### Exercise goal
Look below for the line that contains "Magneto No. 27986", then quote it and all the lines after it, exactly, with the pictures left out.

### Source records
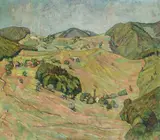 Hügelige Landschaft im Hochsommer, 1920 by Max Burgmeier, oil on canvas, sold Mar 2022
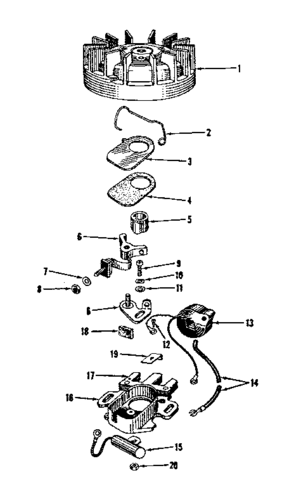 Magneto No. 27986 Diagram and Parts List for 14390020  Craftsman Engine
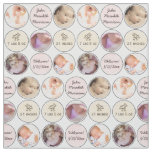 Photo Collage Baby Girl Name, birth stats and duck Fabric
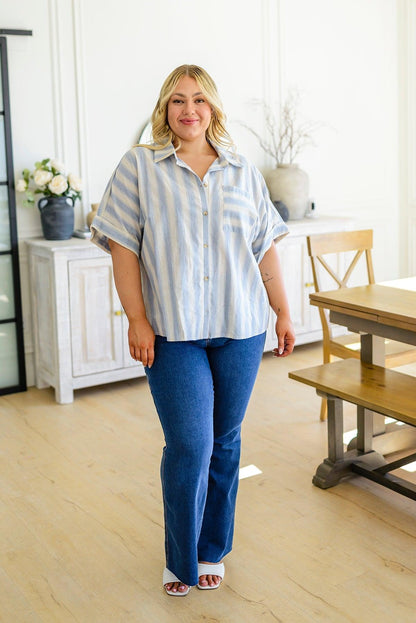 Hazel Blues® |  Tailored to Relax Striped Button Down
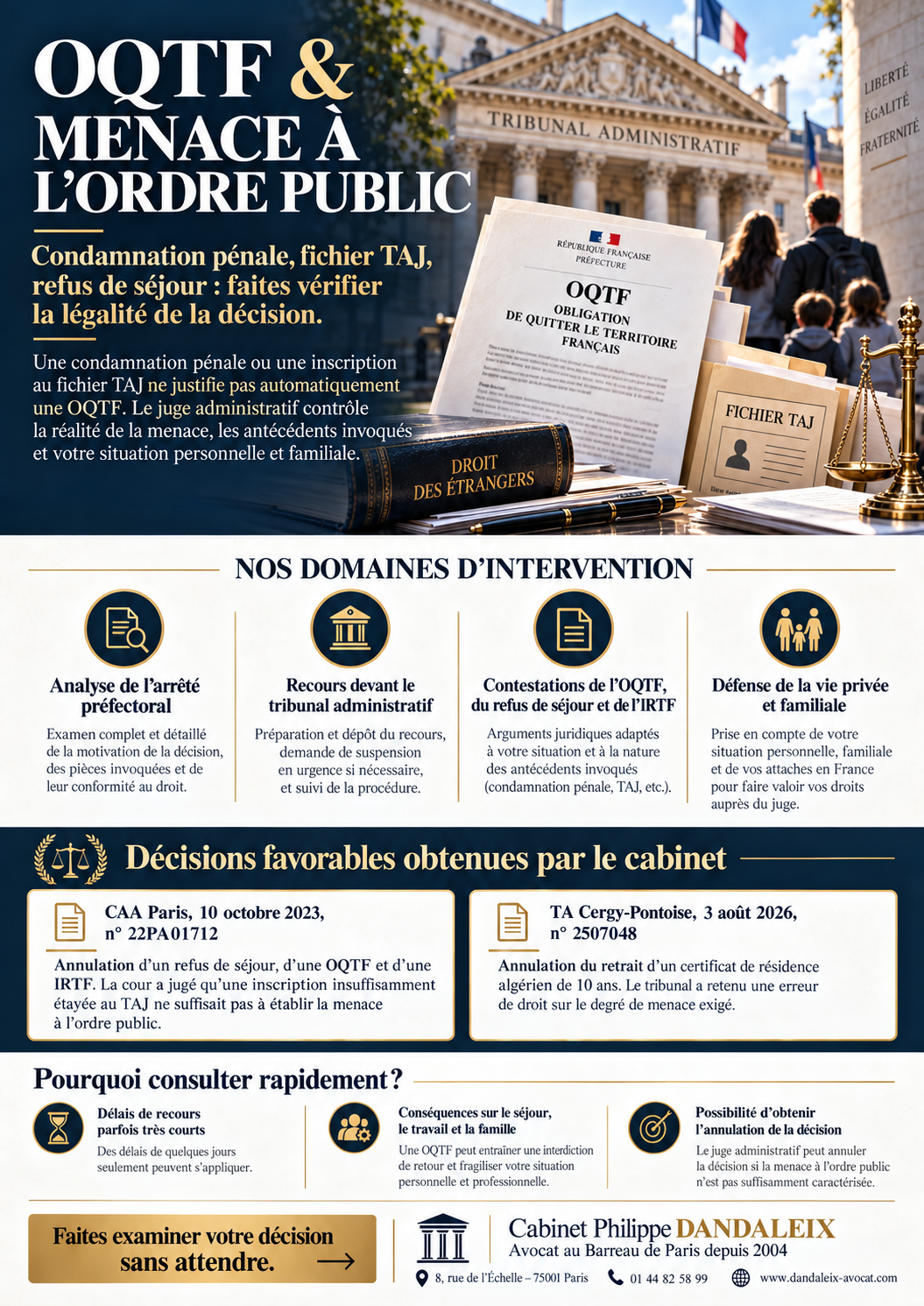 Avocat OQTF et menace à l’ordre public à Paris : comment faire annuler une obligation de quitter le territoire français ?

### Response area
 Magneto No. 27986 Diagram and Parts List for 14390020  Craftsman Engine
 Photo Collage Baby Girl Name, birth stats and duck Fabric
 Hazel Blues® |  Tailored to Relax Striped Button Down
 Avocat OQTF et menace à l’ordre public à Paris : comment faire annuler une obligation de quitter le territoire français ?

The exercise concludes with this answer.